## [Assignment]
Copy, word for word, the lines of the listing below from the line with "Budget Simple Text" up to and including the line with "Gold Rimmed Ceramic". Drop the pictures.

Exercise data below:

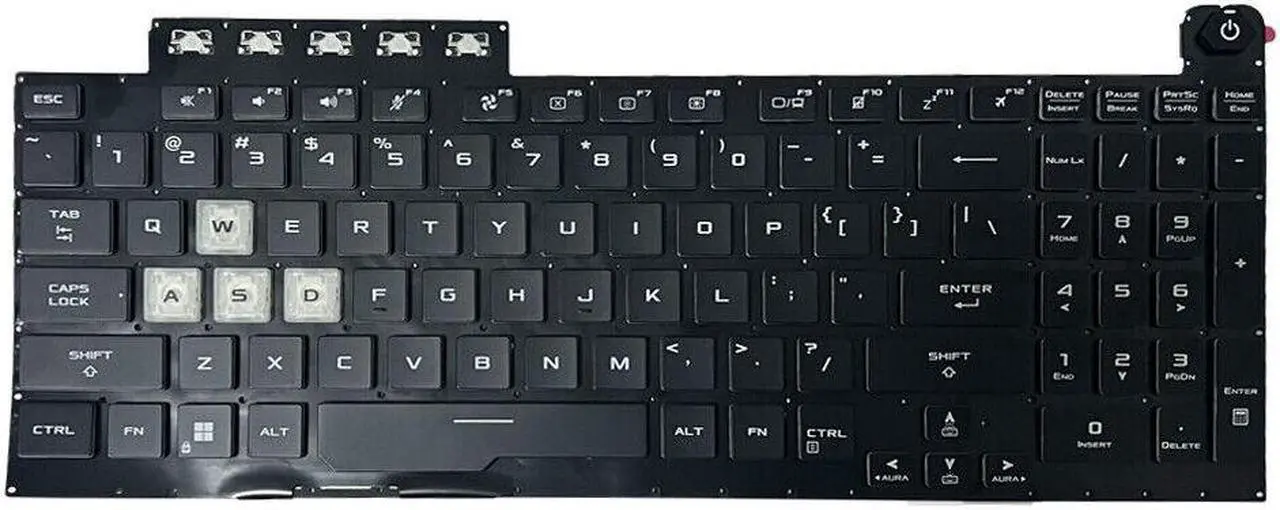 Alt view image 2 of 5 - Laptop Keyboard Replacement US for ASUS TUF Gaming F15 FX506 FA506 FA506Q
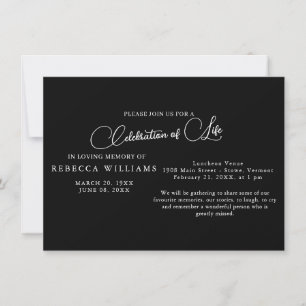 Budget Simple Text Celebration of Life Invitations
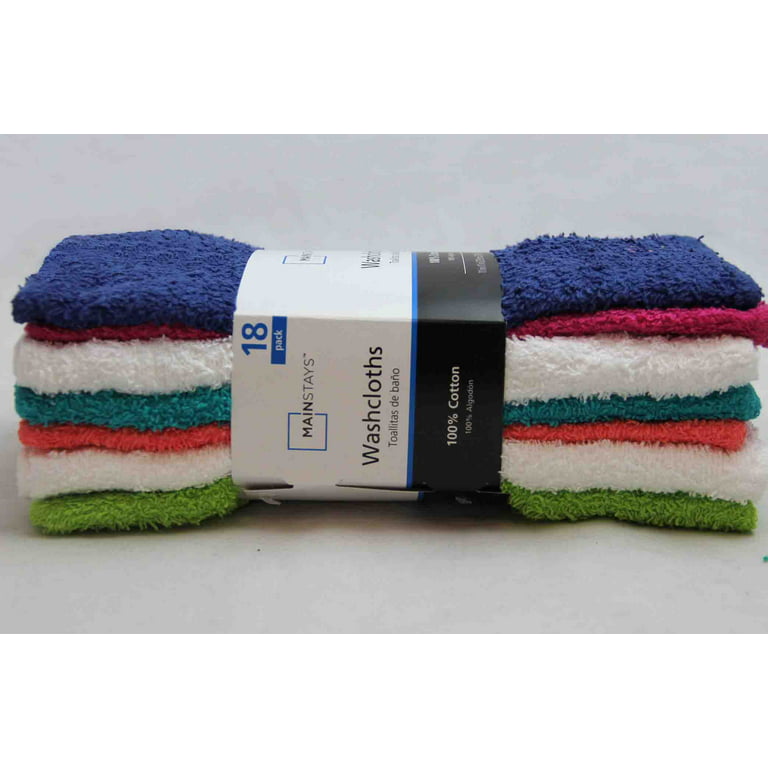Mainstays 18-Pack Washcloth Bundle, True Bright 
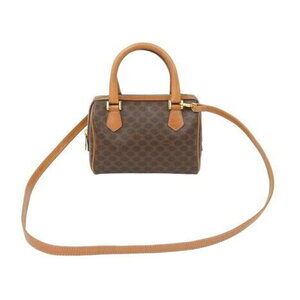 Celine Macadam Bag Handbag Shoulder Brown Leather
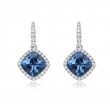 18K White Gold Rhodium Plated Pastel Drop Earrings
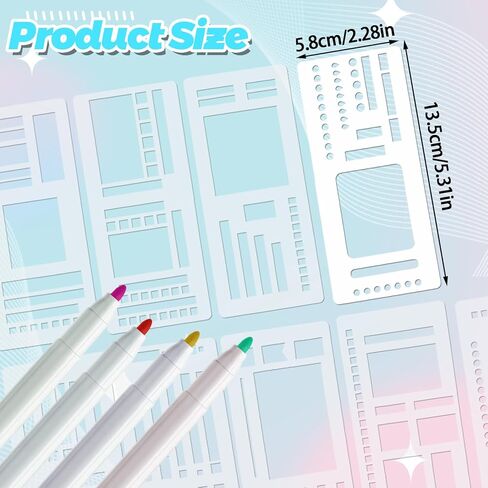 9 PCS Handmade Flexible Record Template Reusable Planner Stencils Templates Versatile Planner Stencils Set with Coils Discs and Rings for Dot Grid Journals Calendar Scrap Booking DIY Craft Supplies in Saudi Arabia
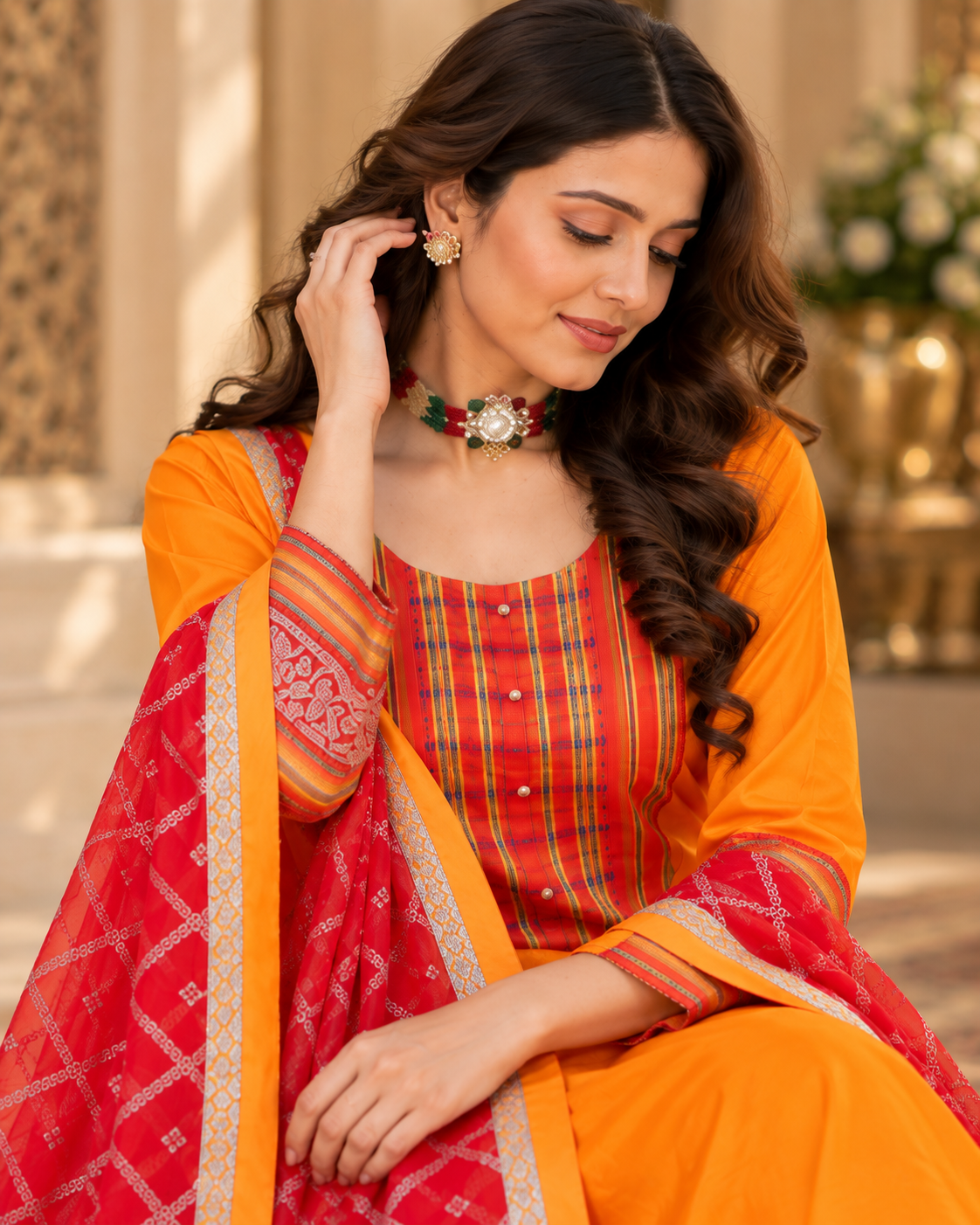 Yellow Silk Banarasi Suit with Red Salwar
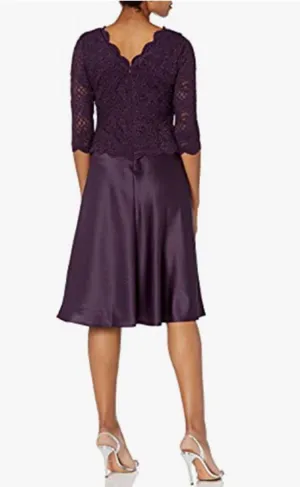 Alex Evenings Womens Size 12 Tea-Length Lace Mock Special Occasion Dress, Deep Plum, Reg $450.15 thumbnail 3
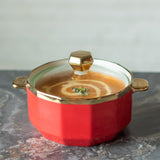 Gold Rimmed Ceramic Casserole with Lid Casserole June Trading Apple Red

End of Exercise data.
Exercise data below:

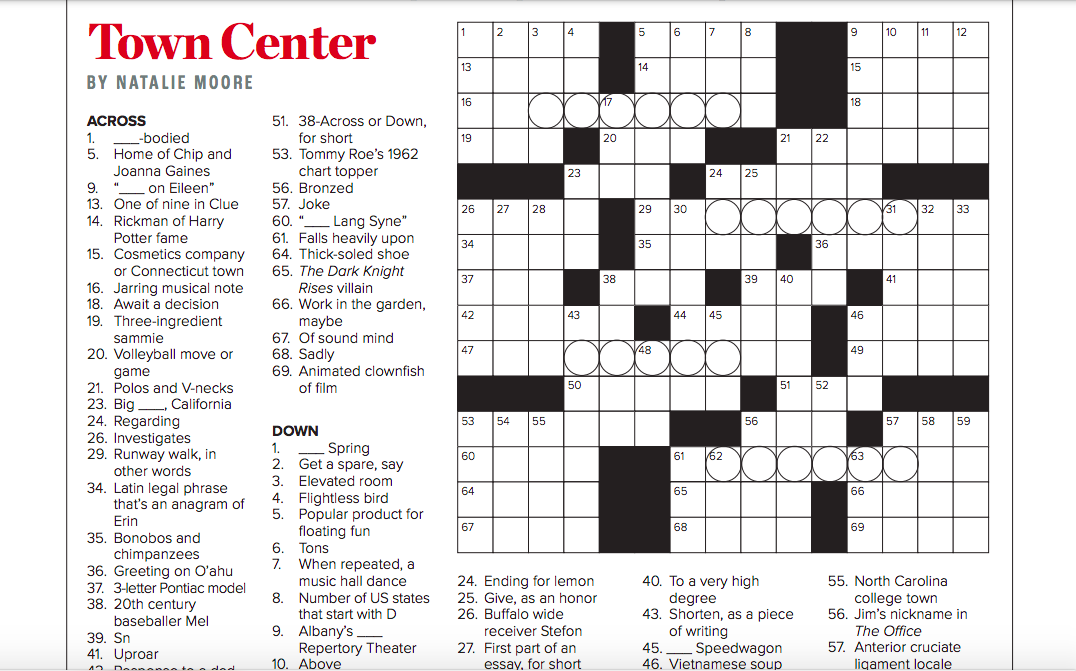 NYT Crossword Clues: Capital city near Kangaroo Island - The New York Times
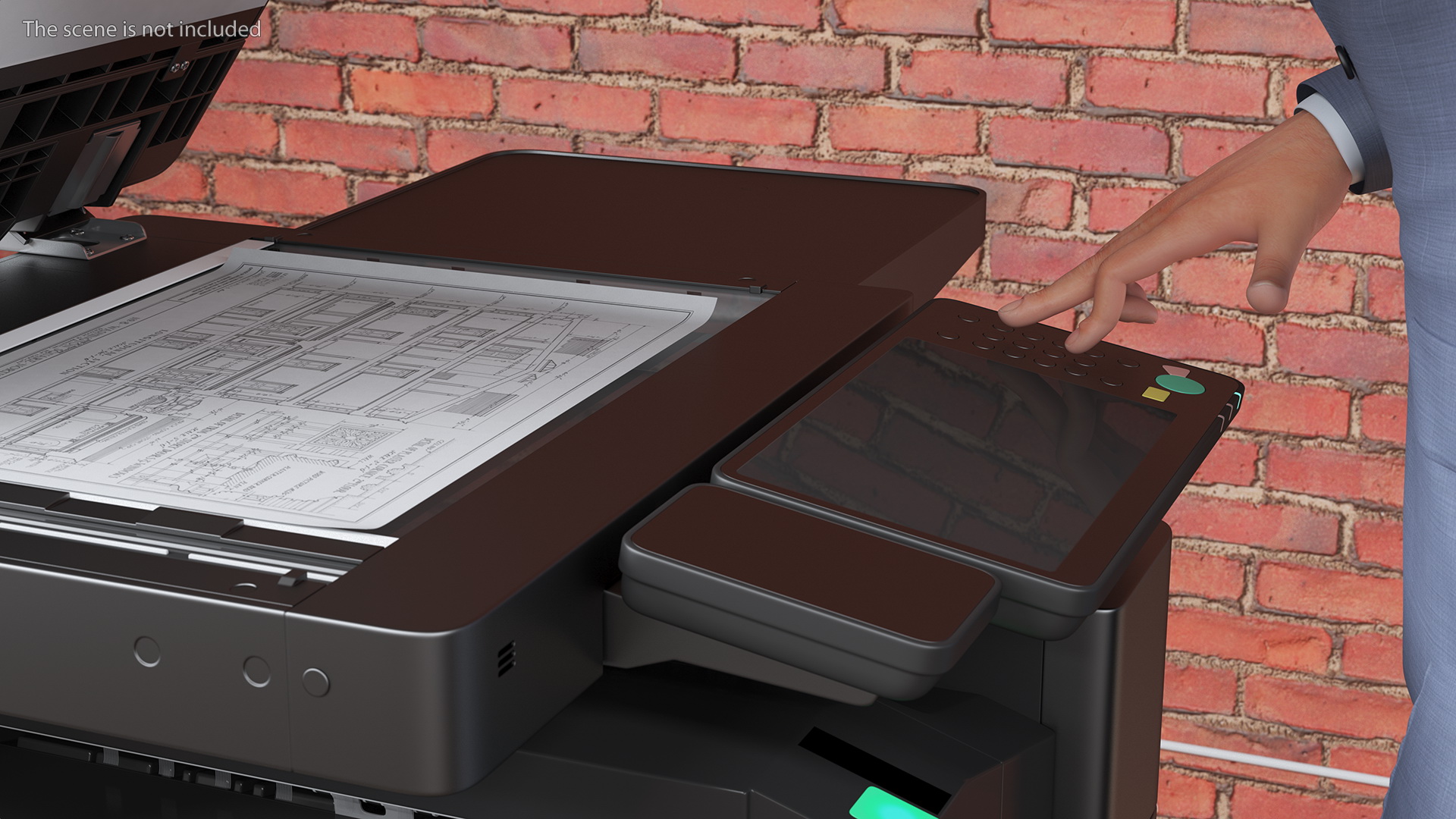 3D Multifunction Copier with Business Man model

End of Exercise data.

## [Completed task]
 Budget Simple Text Celebration of Life Invitations
Mainstays 18-Pack Washcloth Bundle, True Bright 
 Celine Macadam Bag Handbag Shoulder Brown Leather
 18K White Gold Rhodium Plated Pastel Drop Earrings
 9 PCS Handmade Flexible Record Template Reusable Planner Stencils Templates Versatile Planner Stencils Set with Coils Discs and Rings for Dot Grid Journals Calendar Scrap Booking DIY Craft Supplies in Saudi Arabia
 Yellow Silk Banarasi Suit with Red Salwar
 Alex Evenings Womens Size 12 Tea-Length Lace Mock Special Occasion Dress, Deep Plum, Reg $450.15 thumbnail 3
 Gold Rimmed Ceramic Casserole with Lid Casserole June Trading Apple Red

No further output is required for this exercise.